Lent has now begun. It is a time of repentance and conversion and second chances. In the book of Jonah, the prophet is sent to preach to the king of Nineveh and warn him that his people’s wickedness will result in the destruction of their city by God. The king and the residents of Assyria’s capital city hear God’s message and put on sackcloth, fast from food and drink, sit in ashes, and turn away from sin. “When God saw by their actions how they turned away from their evil way, he repented of the evil he had threatened to do to them…” And it wasn’t just the Ninevites who got a second chance in that story: Jonah, reluctant to preach God’s message to Israel’s enemy, ended up in the belly of a great fish, but was given another opportunity to do God’s will.

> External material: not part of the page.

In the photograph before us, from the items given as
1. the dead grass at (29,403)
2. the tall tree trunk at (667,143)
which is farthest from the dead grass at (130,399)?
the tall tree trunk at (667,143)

Like Jonah, we are called to act according to the will of God. Many of us made resolutions on January 1st to begin the new secular year. Those resolutions probably included things like exercising more, losing weight, quitting smoking, and generally participating in activities that are healthier for our bodies. All of those are worthy endeavors, and are in line with the teaching that our bodies are temples of the Holy Spirit.
Lent is a time in the liturgical year, the Church year, when we make similar resolutions – but for spiritual reasons. During this penitential season, the faithful generally commit to a form of fasting or give up certain types of luxury. Many of us stop going out to eat or eliminate unproductive activities, like playing Angry Birds on our iPhones and iPads. This desert environment in our lives is reflected in the environment in our churches: Roman Catholic and even some Protestant churches remove flowers from the altar, while statues are often veiled in purple fabrics in pious observance of Lent.
But a legitimate alternative to “giving up” something is to do something – actions that conform to one of the Spiritual and Corporal Works of Mercy. You will see the blue “Divine Opportunities” posters in every building in our church, letting us know that in giving of our time, the difference we make in the lives of our brothers and sisters in need is divine. As you consider the actions you will be taking for the next forty days, make it your personal Lenten mission to discern your gifts and then find a way to grow spiritually by investing your time and talent.